Bob Hughes, AOP chief executive designate, tells David Challinor it is the time for the profession to extend its clout within the Health Service
Bob Hughes is using his impressive skills of persuasion to tell me how optometry can seize the opportunities the 'modernised' health service has offered.
'We are already ahead of the game in terms of "patient choice",' he says. 'Our professionals are in the high street, with all the costs paid for by the private sector.
'My job is to galvanise the membership to gain the influence the profession needs.'
The former minister and MP has long been one of the more visible leaders of optics, and his new appointment at the AOP looks certain to make him more visible still.
I first interviewed him in the mid 1990s when he had just joined the profession as general secretary at FODO. Being both new to optometry we discussed how we were perplexed at a profession which seemed to have a plethora of representative bodies - when all agreed it was a singularity of voice which would best serve the profession.
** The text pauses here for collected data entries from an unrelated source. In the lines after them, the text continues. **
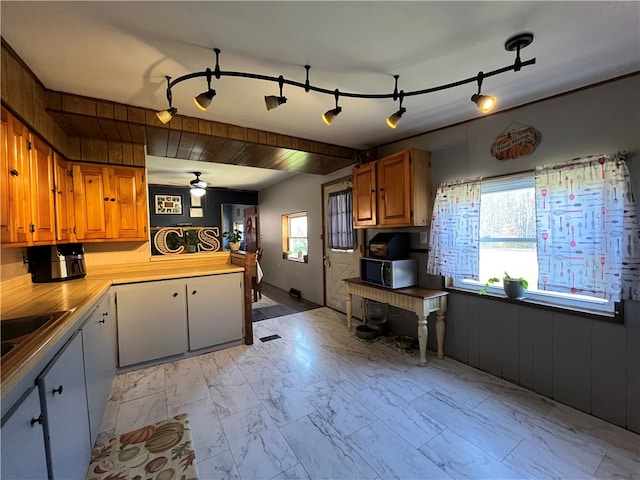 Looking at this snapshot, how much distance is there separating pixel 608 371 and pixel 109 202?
4.59 m

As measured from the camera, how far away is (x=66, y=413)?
4.27 ft

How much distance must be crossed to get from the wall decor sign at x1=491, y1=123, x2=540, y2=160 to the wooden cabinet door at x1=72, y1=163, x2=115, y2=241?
3.89m

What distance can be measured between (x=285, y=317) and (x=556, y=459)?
3393mm

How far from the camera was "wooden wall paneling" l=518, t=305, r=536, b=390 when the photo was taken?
2.39 meters

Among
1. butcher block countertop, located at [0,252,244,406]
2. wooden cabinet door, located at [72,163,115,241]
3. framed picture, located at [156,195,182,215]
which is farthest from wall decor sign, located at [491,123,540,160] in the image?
framed picture, located at [156,195,182,215]

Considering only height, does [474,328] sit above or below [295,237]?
below

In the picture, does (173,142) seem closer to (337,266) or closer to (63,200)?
(63,200)

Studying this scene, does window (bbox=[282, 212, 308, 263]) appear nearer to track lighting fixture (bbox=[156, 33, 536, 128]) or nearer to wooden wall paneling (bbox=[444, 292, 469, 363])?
wooden wall paneling (bbox=[444, 292, 469, 363])

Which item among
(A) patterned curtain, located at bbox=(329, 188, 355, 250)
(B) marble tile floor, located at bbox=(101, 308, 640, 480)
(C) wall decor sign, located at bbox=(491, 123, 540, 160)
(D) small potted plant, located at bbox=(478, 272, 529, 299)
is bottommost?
(B) marble tile floor, located at bbox=(101, 308, 640, 480)

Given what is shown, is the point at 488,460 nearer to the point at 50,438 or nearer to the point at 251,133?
the point at 50,438

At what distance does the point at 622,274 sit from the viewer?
1.92 meters

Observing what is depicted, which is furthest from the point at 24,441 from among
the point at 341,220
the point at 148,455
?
the point at 341,220

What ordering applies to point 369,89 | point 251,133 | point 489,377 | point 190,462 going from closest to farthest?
point 190,462 < point 369,89 < point 489,377 < point 251,133

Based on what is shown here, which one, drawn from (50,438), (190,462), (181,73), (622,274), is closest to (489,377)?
(622,274) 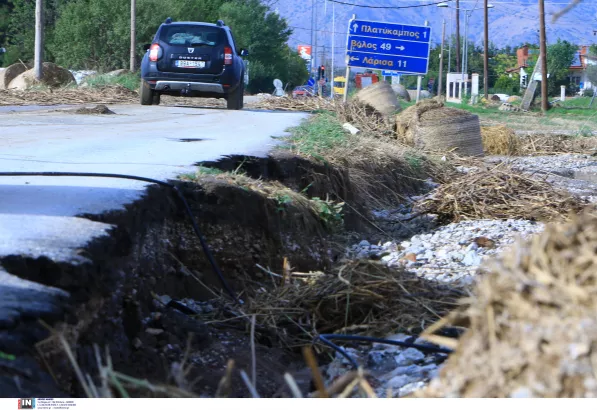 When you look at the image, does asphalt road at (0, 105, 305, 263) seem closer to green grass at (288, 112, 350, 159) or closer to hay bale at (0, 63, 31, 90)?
green grass at (288, 112, 350, 159)

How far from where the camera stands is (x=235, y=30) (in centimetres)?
5981

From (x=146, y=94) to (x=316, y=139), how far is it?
953 centimetres

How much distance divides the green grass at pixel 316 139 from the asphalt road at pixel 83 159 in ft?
0.92

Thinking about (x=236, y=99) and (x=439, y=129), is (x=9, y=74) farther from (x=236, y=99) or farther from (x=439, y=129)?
(x=439, y=129)

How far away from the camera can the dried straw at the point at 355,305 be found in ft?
13.5

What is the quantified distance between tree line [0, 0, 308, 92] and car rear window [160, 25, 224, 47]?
22.4 m

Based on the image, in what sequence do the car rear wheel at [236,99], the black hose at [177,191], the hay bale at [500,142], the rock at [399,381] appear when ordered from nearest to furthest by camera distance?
1. the rock at [399,381]
2. the black hose at [177,191]
3. the hay bale at [500,142]
4. the car rear wheel at [236,99]

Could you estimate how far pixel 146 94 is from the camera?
1806 centimetres

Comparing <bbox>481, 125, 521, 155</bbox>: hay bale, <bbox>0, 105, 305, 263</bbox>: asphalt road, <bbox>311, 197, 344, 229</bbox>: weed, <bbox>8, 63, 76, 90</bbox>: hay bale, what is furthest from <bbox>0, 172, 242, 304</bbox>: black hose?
<bbox>8, 63, 76, 90</bbox>: hay bale

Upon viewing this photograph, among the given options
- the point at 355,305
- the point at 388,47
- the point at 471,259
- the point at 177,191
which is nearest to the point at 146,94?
the point at 388,47

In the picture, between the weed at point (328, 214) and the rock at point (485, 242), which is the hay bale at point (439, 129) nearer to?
the rock at point (485, 242)

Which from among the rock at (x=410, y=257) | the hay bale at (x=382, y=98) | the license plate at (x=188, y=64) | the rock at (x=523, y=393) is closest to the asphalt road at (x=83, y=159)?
the rock at (x=410, y=257)

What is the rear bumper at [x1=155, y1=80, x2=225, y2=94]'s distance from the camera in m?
17.0

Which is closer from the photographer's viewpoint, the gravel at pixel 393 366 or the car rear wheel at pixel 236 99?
the gravel at pixel 393 366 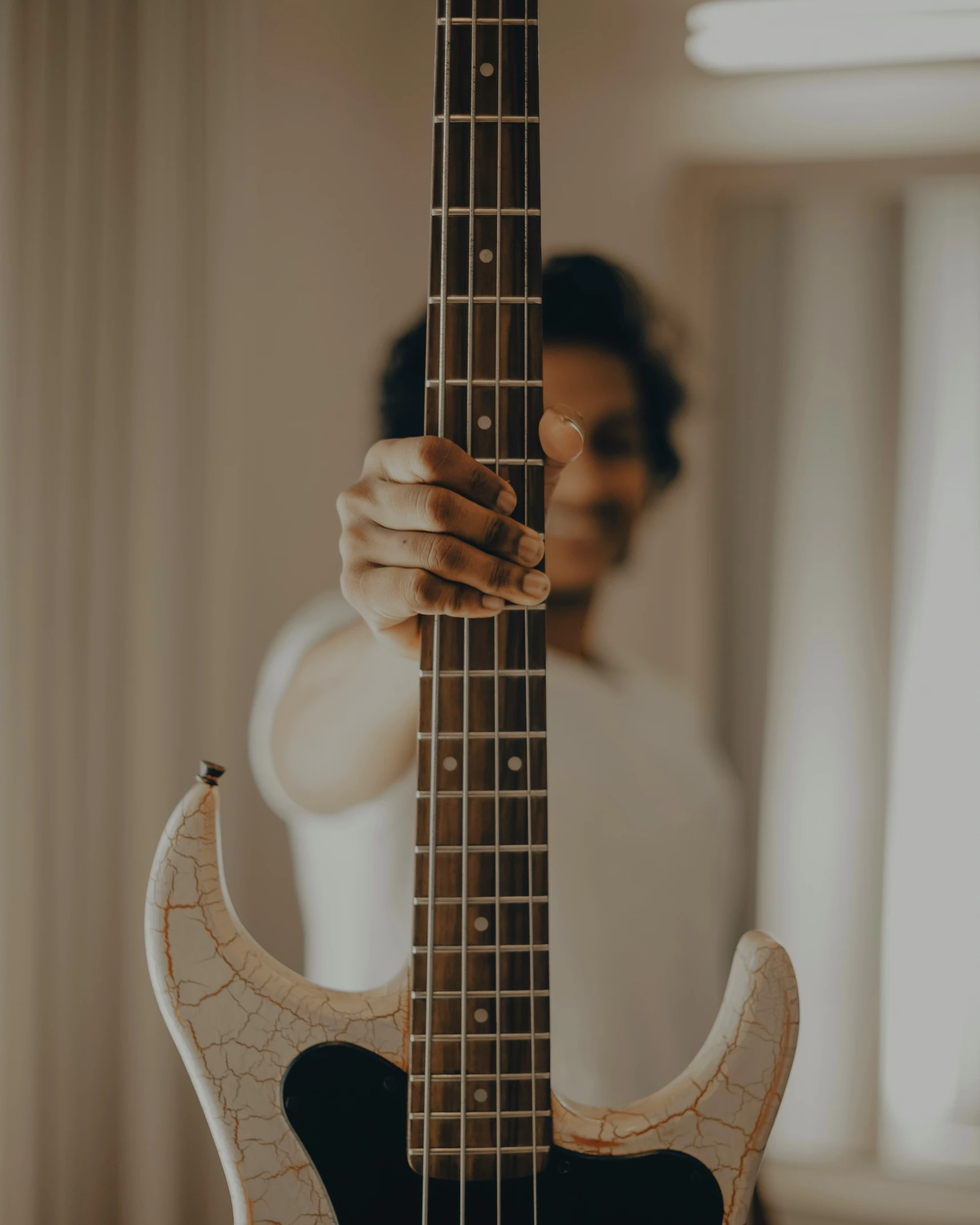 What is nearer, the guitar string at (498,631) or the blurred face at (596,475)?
the guitar string at (498,631)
Soon he set about reshaping FODO to be a more responsive federation to its membership's needs. To this end Hughes shared as much information as he thought would benefit FODO members with the optical press and the profession at large.
In addition, he and his colleagues in the multiples acted to stem the then growing manpower problem in the profession by establishing the optometry course at Anglia Polytechnic University.
Later on, attending the AOP's annual National Optometric Conference, I witnessed his controversial address on the need for more corporate representation within LOCs to improve their negotiating skills. Though this idea was denounced by a series of members speaking from the floor, in the long-run it has been adopted. Obviously Hughes is a man who can stand his ground in an argument.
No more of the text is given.